Unas horas antes que el ministro de Gobierno y Justicia anunciara que el gobierno estaba tomando las medidas necesarias para contrarrestar la ola de delincuencia que se ha adueñado de la ciudad, Filiberto, el gato morisco de una señora residente en Calle 14 El Chorrillo, se retorcía adolorido por los disparos de una pistola nueve milímetros, al quedar atrapado en una balacera entre mozalbetes del hampa criolla.

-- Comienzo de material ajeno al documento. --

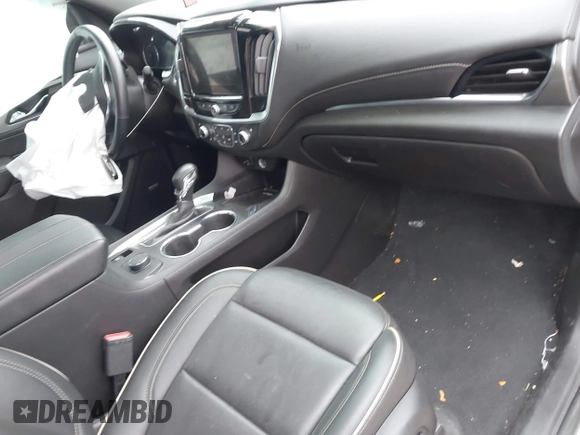 2023 Chevrolet Traverse Premier with VIN 1GNERKKW6PJ104495, listed as a IAAI auction lot 41868123 with 56,049 mi miles and . Bid and sale history available at DreamBid. Image 5.
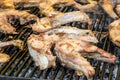 Close up of large portion of grilled fish on a large black pan at a street food festival, ready to eat healthy seafood, beautiful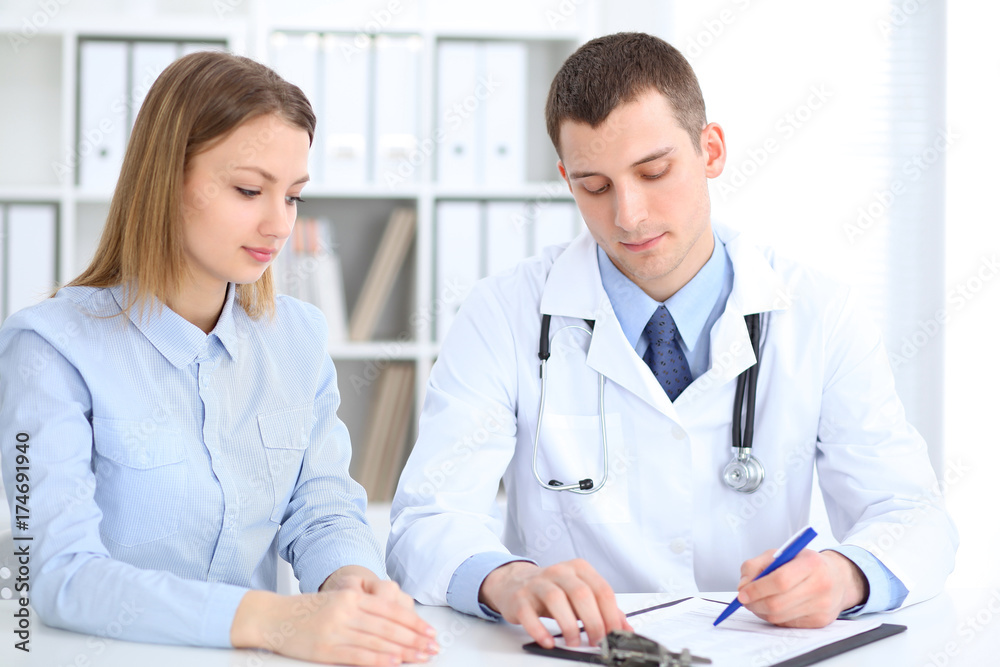 Doctor and patient sitting at the desk. Medicine and health care concept Doctor and patient sitting at the desk. Medicine and health care concept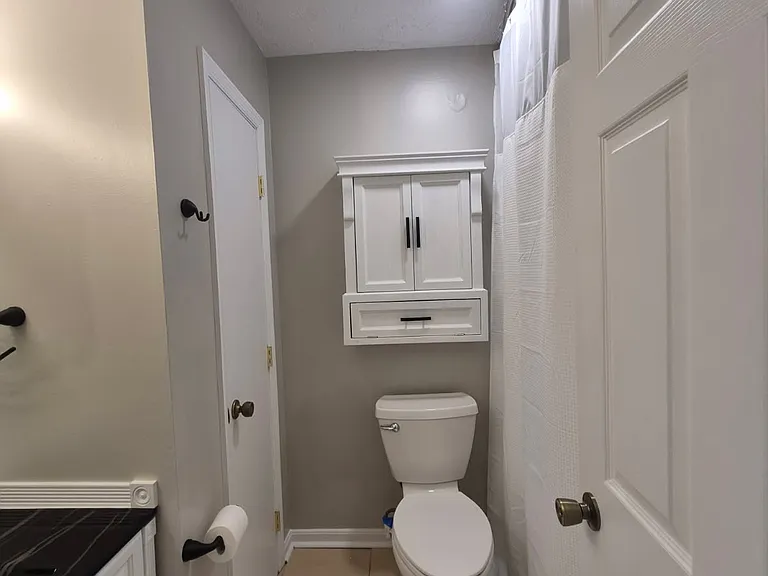 Closet and cabinet provide great storage.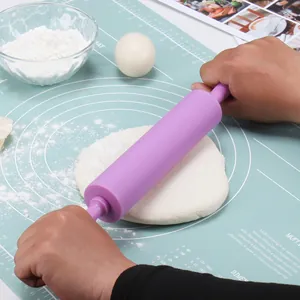 Professional purple silicone rolling pin with ergonomic handles on a non-stick baking mat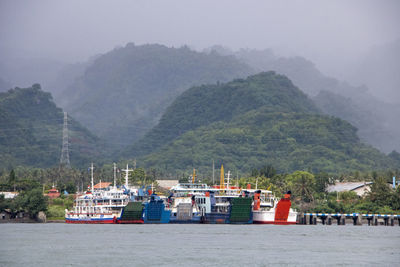 Scenic view of sea against mountains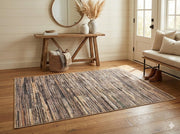 4' x 6' rectangular multi-color & neutral striped modern area rug placed in a bright entryway foyer.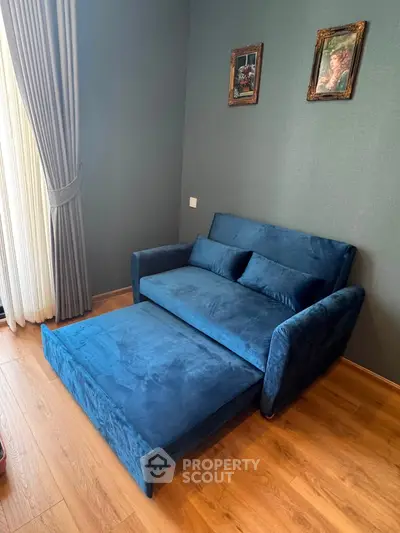 Cozy living room with blue velvet sofa bed and elegant decor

Dos días después, encapuchados pistola en mano, asaltaron a menos de 200 metros de la PTJ de Ancón a Moyo, el empleado de la cooperativa del Ministerio de Vivienda, llevándose 20 mil balboas. Me cuentan los asustados empleados de COOPEMIVI que, mientras los facinerosos hacían de las suyas con el dinero ajeno, alguien fue a poner el reporte, pero el agente de turno le contestó que esa no era su área.
El mismo día, al mejor estilo de los bandidos del viejo Oeste, los ladrones asaltaron otros dos negocios en diversos puntos de la capital.
Días antes, mientras los funcionarios del Estado reparaban las viviendas para los moradores del Tívoli en Curundú, afectados por un incendio, hubo cruces de disparos en el punto cercano, lo que requirió el traslado inmediato de un pie de fuerza para calmar los ánimos.
La pregunta es ¿quién está seguro en un país así? ¿Hasta dónde llegará el proceso de descomposición social que golpea a los barrios populares enfrentando a pobres contra pobres?
En Panamá la lucha contra el crimen organizado se empantana cada día más, porque los actores principales no están solos en las calles. En esto, no cabe la menor duda, la fiebre no está en la sábana.